A mortgage rate lock helps protect homebuyers from fluctuating mortgage rates as they're getting ready to buy a home. It locks in the interest rate for a loan for a certain period of time until the buyer makes it to closing. By locking in a rate, buyers will know what to expect and won't have to worry about rising rates later.
However, if rates dip, homebuyers realize they could get stuck paying more money each month. So it can be a catch-22.
Best times to lock in a mortgage rate right away:
1.An offer has been made, accepted and is under contract. Many lenders lock in a rate for free for 30 days. However, buyers may want to lock in for a longer period, for example, if the buyer is giving sellers more time to find a home, or if they're self-employed and a lender needs more time underwriting their loan. As such, lock-ins are also available for 90 days, 120 days or even 150 days. But expect to pay more for longer lock-in periods.
2.Interest rates are rising. If interest rates are trending higher, lock in sooner rather than later, say mortgage experts.
3.Interest rates are volatile. If interest rates are going both up and down, buyers may want to lock in sooner for greater stability during their house hunt. "Rates today are unusually volatile – they are making large moves up and down in short periods of time," says Joe Parsons, a loan officer at Caliber Home Loans in Dublin, Calif. "For this reason, prudent borrowers are locking their rates early in the process."
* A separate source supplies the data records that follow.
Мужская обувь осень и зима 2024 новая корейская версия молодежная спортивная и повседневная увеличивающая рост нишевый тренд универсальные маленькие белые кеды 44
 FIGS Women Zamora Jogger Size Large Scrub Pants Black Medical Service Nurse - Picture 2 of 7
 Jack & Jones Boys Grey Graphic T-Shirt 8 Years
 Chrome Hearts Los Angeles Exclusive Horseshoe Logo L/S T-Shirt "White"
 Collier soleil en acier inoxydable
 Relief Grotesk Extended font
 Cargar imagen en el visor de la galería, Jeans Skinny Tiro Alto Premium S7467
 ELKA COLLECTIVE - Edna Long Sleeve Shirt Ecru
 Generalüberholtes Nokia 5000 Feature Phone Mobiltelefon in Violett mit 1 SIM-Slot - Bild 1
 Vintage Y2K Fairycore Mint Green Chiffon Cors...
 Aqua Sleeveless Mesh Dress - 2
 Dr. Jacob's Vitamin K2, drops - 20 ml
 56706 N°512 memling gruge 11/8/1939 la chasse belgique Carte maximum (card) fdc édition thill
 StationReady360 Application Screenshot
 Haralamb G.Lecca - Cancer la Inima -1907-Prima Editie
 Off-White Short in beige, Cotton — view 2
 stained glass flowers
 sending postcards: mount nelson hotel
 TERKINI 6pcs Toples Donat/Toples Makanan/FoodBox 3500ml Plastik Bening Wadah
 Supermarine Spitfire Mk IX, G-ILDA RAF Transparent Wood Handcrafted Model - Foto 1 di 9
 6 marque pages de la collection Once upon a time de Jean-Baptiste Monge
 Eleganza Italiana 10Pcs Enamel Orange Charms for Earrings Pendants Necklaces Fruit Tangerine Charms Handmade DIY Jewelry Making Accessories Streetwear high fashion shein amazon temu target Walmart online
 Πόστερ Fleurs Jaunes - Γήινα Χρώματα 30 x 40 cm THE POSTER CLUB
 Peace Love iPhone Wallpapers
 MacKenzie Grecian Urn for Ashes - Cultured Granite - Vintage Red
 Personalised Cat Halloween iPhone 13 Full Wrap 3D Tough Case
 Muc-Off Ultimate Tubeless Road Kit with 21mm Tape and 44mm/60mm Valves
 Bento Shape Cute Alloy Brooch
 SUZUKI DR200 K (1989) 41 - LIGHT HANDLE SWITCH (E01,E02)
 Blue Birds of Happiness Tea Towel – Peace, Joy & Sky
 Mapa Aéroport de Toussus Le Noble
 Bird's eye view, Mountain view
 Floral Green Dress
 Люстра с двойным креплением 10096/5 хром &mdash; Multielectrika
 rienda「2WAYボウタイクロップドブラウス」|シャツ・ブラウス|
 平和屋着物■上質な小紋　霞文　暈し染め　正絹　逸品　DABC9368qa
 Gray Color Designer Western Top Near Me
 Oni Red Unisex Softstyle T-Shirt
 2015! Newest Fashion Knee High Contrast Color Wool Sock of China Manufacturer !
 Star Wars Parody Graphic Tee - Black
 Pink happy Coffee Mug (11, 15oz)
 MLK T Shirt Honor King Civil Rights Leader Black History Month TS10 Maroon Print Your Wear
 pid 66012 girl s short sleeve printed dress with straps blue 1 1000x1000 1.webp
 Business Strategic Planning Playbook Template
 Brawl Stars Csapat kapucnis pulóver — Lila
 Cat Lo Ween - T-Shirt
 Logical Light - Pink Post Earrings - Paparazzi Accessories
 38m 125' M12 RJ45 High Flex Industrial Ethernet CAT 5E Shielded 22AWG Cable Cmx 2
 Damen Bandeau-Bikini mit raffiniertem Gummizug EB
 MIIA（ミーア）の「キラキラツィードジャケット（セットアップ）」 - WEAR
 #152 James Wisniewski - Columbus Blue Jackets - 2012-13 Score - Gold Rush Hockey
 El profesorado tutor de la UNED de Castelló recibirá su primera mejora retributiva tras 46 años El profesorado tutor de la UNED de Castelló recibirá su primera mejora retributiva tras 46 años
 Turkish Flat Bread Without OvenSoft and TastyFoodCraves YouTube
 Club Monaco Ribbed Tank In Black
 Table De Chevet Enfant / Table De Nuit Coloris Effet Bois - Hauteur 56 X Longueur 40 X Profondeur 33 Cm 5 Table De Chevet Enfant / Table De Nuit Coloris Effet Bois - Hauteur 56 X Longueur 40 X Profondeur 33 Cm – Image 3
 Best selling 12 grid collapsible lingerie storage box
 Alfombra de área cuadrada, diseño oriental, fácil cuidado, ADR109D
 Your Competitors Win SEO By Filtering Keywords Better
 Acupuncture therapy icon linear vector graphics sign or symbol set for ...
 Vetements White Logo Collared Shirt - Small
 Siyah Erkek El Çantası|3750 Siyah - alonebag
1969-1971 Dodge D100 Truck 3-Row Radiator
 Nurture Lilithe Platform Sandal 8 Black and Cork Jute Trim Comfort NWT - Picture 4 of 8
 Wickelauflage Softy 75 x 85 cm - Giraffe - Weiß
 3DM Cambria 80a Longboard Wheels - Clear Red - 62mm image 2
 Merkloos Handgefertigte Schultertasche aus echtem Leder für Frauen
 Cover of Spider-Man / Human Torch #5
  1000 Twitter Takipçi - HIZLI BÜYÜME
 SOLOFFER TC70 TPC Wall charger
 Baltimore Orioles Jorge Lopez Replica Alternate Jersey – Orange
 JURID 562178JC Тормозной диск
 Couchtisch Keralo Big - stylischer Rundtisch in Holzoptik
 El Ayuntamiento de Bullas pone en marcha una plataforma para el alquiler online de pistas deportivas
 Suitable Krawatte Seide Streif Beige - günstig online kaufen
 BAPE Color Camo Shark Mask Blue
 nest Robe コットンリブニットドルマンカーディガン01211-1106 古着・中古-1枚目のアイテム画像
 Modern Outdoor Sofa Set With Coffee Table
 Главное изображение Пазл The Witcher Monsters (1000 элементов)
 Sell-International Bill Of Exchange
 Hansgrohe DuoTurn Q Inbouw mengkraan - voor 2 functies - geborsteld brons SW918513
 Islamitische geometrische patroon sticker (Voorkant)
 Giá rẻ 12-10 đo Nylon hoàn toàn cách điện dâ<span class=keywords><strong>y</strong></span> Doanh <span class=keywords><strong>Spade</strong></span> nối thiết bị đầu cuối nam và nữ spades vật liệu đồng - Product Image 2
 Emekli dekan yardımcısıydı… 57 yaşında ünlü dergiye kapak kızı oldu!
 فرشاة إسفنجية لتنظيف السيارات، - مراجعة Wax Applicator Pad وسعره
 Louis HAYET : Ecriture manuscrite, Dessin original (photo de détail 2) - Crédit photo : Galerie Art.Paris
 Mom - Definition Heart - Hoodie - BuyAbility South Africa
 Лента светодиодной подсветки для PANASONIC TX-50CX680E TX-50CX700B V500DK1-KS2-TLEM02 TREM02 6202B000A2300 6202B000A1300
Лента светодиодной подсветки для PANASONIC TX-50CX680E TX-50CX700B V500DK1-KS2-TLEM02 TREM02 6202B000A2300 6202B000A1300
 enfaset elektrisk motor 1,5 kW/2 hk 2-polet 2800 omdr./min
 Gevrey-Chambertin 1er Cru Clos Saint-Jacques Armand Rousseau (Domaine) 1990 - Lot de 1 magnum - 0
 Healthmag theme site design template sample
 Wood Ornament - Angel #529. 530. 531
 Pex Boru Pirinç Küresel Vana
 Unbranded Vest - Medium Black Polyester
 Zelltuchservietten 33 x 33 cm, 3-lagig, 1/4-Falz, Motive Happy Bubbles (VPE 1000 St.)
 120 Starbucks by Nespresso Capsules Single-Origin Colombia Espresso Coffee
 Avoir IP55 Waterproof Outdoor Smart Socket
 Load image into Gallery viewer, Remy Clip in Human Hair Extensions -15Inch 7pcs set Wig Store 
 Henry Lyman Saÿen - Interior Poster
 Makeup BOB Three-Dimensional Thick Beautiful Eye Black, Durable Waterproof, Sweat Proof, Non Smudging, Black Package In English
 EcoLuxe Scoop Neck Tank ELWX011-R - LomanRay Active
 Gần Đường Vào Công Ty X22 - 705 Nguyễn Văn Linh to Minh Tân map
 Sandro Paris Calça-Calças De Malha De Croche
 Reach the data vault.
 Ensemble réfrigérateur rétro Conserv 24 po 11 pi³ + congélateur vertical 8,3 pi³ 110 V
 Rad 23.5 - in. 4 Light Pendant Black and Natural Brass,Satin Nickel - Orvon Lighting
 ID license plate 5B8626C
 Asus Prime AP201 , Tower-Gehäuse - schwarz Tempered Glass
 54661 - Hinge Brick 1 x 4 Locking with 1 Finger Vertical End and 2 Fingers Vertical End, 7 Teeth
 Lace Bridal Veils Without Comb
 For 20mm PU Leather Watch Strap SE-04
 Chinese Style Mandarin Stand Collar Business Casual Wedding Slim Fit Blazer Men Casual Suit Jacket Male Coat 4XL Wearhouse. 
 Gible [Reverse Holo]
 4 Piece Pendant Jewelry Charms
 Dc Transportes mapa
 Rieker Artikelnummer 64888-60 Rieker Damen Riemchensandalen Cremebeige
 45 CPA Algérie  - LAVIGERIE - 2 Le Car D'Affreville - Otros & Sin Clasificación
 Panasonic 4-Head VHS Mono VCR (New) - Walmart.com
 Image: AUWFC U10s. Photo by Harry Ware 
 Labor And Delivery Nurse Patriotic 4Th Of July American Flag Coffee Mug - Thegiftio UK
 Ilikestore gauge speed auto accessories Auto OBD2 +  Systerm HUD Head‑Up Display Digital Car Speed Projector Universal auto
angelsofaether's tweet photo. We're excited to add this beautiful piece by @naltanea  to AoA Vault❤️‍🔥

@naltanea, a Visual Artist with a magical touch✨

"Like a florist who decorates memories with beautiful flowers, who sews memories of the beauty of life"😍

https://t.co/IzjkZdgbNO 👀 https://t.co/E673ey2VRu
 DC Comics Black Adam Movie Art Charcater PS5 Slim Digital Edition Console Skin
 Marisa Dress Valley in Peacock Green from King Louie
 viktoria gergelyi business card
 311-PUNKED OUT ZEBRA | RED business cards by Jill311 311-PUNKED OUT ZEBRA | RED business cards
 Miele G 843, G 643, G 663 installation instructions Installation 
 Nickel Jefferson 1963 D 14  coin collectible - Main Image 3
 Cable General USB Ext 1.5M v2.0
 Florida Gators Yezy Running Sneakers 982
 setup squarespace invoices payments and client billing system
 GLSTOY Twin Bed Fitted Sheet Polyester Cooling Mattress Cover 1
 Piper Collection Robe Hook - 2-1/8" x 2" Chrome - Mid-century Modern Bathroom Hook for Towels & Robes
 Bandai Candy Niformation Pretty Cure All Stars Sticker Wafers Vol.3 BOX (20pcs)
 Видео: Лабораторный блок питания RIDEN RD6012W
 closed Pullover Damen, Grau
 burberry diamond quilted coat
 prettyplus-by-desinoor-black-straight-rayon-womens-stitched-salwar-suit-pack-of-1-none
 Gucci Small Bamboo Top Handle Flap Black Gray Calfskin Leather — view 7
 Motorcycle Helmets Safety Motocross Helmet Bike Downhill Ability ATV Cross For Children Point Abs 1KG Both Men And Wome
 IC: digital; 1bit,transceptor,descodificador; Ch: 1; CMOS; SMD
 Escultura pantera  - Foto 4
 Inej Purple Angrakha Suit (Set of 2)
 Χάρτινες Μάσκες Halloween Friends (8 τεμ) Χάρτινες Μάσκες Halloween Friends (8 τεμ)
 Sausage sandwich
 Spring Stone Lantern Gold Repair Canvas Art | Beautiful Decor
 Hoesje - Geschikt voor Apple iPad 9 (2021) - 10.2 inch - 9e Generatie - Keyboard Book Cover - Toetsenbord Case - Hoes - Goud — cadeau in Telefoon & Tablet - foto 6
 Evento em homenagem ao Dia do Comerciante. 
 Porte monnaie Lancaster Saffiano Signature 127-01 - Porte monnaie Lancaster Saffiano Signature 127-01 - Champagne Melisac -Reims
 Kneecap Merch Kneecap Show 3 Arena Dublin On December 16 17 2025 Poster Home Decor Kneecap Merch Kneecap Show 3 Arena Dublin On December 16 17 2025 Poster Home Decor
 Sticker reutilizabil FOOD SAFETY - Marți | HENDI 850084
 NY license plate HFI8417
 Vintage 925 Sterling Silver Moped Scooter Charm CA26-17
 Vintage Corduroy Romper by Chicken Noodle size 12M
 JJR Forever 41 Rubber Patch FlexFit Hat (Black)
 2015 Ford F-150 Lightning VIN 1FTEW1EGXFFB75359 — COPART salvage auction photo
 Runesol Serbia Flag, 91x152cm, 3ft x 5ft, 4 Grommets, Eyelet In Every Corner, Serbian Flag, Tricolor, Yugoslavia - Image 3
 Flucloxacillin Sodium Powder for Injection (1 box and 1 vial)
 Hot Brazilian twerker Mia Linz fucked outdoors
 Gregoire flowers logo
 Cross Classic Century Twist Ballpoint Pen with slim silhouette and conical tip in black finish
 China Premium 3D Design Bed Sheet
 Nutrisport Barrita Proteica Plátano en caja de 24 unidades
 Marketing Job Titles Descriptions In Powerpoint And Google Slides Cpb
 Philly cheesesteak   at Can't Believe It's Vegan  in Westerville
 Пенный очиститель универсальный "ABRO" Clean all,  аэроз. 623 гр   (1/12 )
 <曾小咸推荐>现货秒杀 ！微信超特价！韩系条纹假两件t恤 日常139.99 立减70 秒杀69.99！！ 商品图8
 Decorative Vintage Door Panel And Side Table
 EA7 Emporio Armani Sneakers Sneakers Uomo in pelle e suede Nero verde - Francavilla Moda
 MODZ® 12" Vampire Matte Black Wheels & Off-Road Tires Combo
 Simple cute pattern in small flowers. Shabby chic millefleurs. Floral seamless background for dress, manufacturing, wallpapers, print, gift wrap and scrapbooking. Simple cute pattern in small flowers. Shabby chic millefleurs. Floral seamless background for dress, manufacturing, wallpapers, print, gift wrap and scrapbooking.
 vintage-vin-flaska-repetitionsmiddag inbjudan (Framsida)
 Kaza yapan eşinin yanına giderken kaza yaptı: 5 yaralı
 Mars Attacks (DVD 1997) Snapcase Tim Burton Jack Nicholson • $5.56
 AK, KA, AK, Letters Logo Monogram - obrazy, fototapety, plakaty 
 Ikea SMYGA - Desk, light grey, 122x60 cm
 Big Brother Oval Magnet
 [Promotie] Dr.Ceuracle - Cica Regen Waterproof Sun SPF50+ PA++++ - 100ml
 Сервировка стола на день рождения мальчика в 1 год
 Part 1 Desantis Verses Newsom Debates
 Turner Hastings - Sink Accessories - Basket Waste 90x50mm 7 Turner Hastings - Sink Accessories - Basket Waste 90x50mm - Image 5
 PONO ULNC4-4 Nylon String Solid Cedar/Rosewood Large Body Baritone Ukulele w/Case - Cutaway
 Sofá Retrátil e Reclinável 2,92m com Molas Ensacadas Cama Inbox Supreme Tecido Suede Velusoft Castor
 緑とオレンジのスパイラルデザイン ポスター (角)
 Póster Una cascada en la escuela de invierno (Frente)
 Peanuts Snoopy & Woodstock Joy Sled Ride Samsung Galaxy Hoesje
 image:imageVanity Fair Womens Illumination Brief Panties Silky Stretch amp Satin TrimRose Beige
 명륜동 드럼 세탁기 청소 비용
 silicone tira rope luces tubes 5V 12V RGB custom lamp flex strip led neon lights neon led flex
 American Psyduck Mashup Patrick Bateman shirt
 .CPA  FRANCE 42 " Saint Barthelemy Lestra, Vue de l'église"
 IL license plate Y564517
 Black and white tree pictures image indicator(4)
4.A buyer may not otherwise qualify for a loan. A buyer may need to lock in a rate sooner if they are borrowing near their limits because any upward fluctuation could prevent them from getting their loan approved. For instance, if a higher interest rate pushes a buyer's monthly mortgage payment above a 28 percent threshold (most lenders believe a house payment should be no greater than 28 percent of your gross monthly income), then a lender may not approve a mortgage at all.